■ WHAT YOU NEED TO DO: Required from the data below: the exact lines starting at the line containing "Volkswagen Passat CNG (9 foto / 10)" and ending at the line containing "Siber saldırıya karşı", with both ends kept and all pictures dropped.

■ DATA:
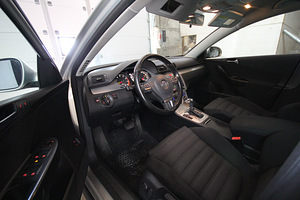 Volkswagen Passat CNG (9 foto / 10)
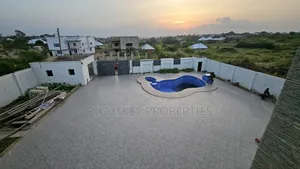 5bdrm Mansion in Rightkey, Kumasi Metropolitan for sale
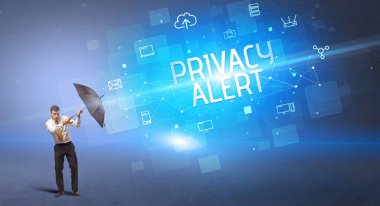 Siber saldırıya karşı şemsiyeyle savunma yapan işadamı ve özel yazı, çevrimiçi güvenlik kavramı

--

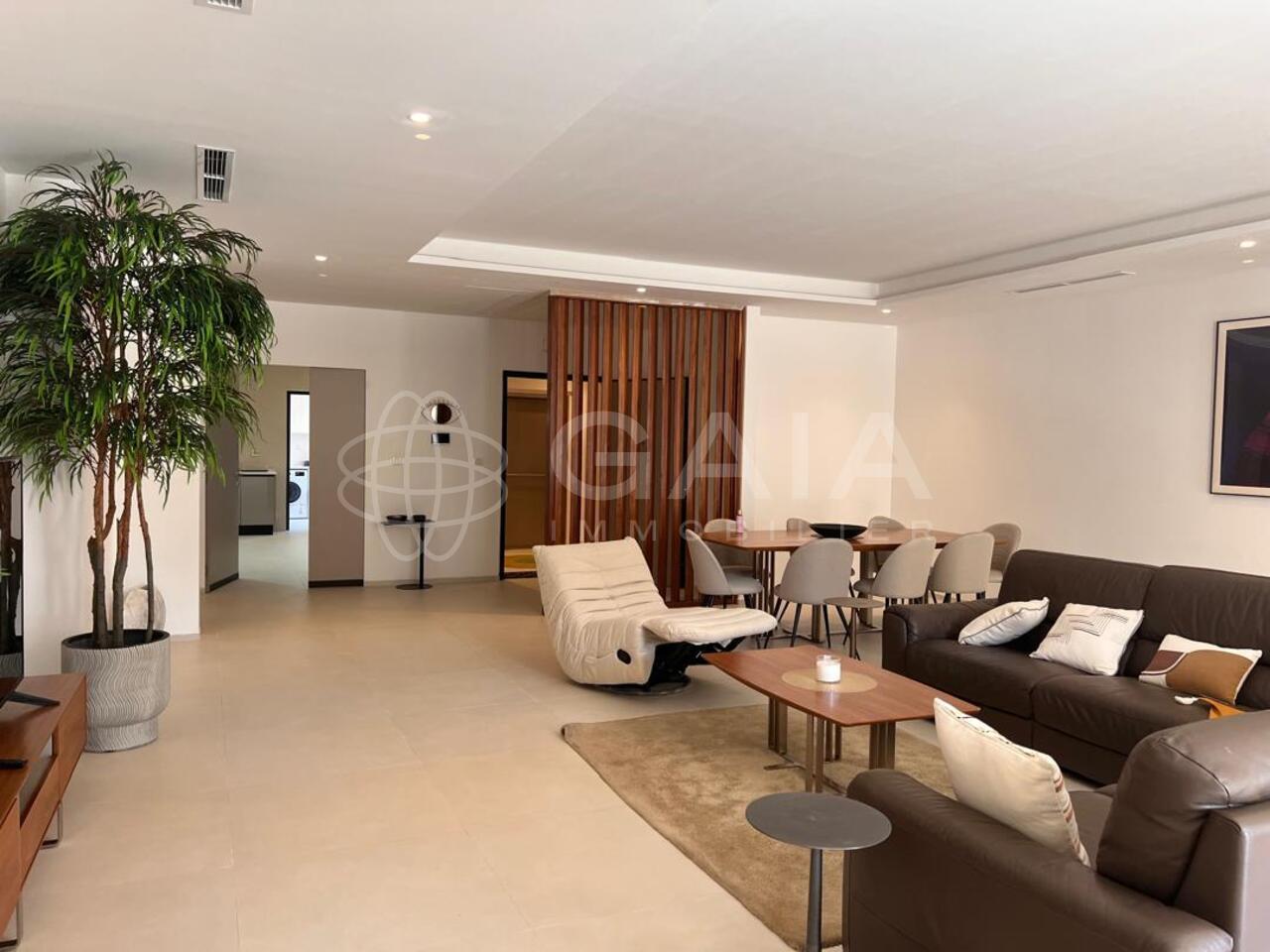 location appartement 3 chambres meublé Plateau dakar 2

■ EXERCISE RESULT:
 Volkswagen Passat CNG (9 foto / 10)
 5bdrm Mansion in Rightkey, Kumasi Metropolitan for sale
 Siber saldırıya karşı şemsiyeyle savunma yapan işadamı ve özel yazı, çevrimiçi güvenlik kavramı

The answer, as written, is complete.